▶ **EXERCISE DIRECTIONS**
Using only the entries below, copy exactly the lines that begin at the one with "大宅门升级版 中式复古相拼偏门襟濑兔毛盘扣棉服唐装旗袍上衣女" and end at the one with "A high-resolution image", both included. Drop the pictures.
==== DATA IN THIS EXERCISE ====
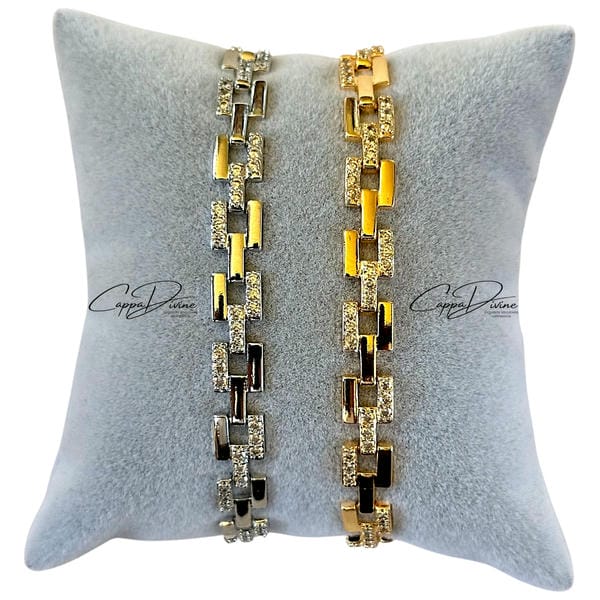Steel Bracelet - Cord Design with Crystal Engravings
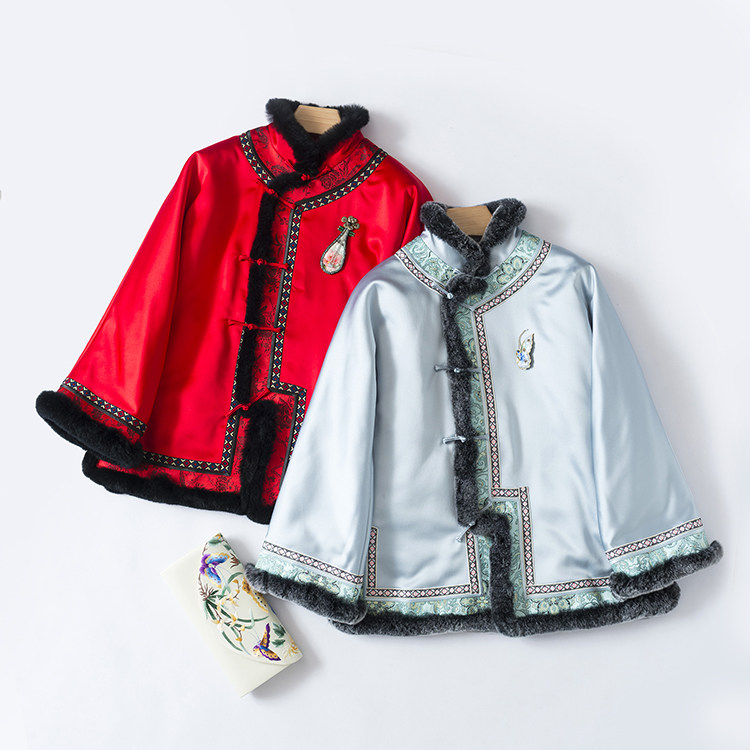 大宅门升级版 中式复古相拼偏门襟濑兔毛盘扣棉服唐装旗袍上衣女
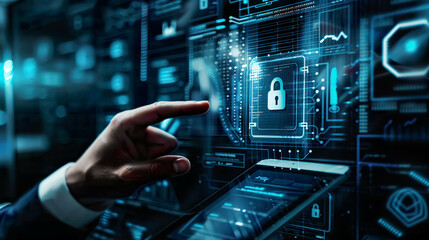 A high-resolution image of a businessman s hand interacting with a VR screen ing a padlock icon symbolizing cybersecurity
====
==== DATA IN THIS EXERCISE ====
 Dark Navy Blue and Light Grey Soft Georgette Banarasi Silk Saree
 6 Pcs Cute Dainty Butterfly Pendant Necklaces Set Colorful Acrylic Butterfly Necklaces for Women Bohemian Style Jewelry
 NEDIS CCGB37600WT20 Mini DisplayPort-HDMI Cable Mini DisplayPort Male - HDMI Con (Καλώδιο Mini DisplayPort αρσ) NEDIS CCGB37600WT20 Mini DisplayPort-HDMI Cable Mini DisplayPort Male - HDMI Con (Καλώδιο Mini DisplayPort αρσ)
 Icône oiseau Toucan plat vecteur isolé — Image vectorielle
====
▶ **RESULT**
 大宅门升级版 中式复古相拼偏门襟濑兔毛盘扣棉服唐装旗袍上衣女
 A high-resolution image of a businessman s hand interacting with a VR screen ing a padlock icon symbolizing cybersecurity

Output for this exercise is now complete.